Greek, Turkish authorities rescue migrants in Aegean Sea

Greek, Turkish authorities rescue migrants in Aegean Sea

In addition to rescue operations, the Coast Guard also said that it had rescued 266 people from the Aegean Sea since the eighth of August.

Another 36 people, including seven children, landed Friday on a remote beach on Mykonos. They were among a total of 147 people who arrived on three Greek islands in the 24 hours between Tuesday morning and Wednesday morning.

The public order ministry says four Pakistani and two Algerian nationals who had entered Greece illegally were taken back by boat from the eastern island of Lesbos Thursday. The rest arrived on Chios, Samos, Leros and Karpathos.

A woman sits by a wire fence with laundry hanging on it, while children play around her outside of disused Hellenikon airport, where stranded refugees and migrants are temporarily accommodated in Athens, Aug. 10, 2016.

Greece director Katie Dimmer said: "We're starting to see scenes reminiscent of last summer, except, this time, most asylum-seekers are unable to continue their journeys and are trapped on the islands in overcrowded facilities and under the blazing sun".

The numbers of refugees arriving on Greece's islands, mostly from Turkey, had dropped to near zero since May, after a deal was signed with Turkey aimed at keeping refugees from making the crossing to Europe.

An EU-Turkish agreement and Balkan border closures have severely reduced the flow of people through the country this year.

Last year, Greece was the main point of entry into the EU for hundreds of thousands of people seeking better lives in northern and central European countries.
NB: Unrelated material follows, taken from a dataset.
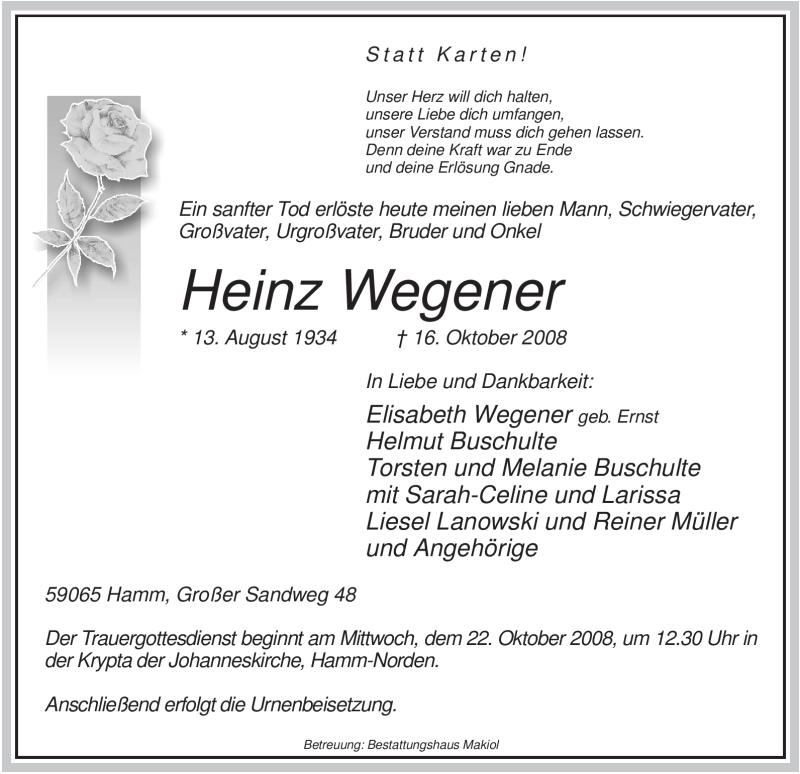 Traueranzeigen von Heinz Wegener | Trauer.nrw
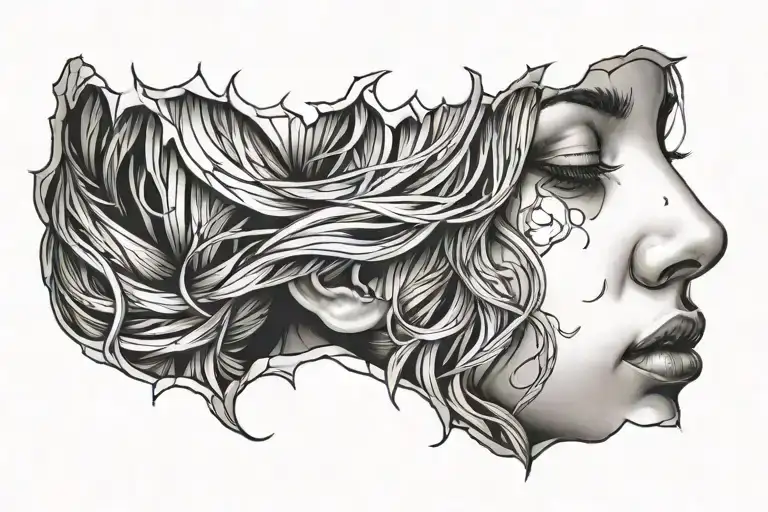 a crying girl tattoo design idea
Furthermore, under new rules migrants who have arrived at the Greek islands can not continue on to the mainland, meaning that camps which are already at capacity are becoming increasingly overcrowded with worsening sanitation and rising frustration at the living conditions, Save the Children says.

With the Balkan route now unavailable, increasing numbers of migrants have turned to alternate, more risky routes. The coast guard said all were in good health.

Hundreds have died attempting one such route from the North African coast to Italy, known to be particularly perilous.

An aid group said Friday that five bodies had been recovered a day earlier off Libya after a small wooden boat capsized.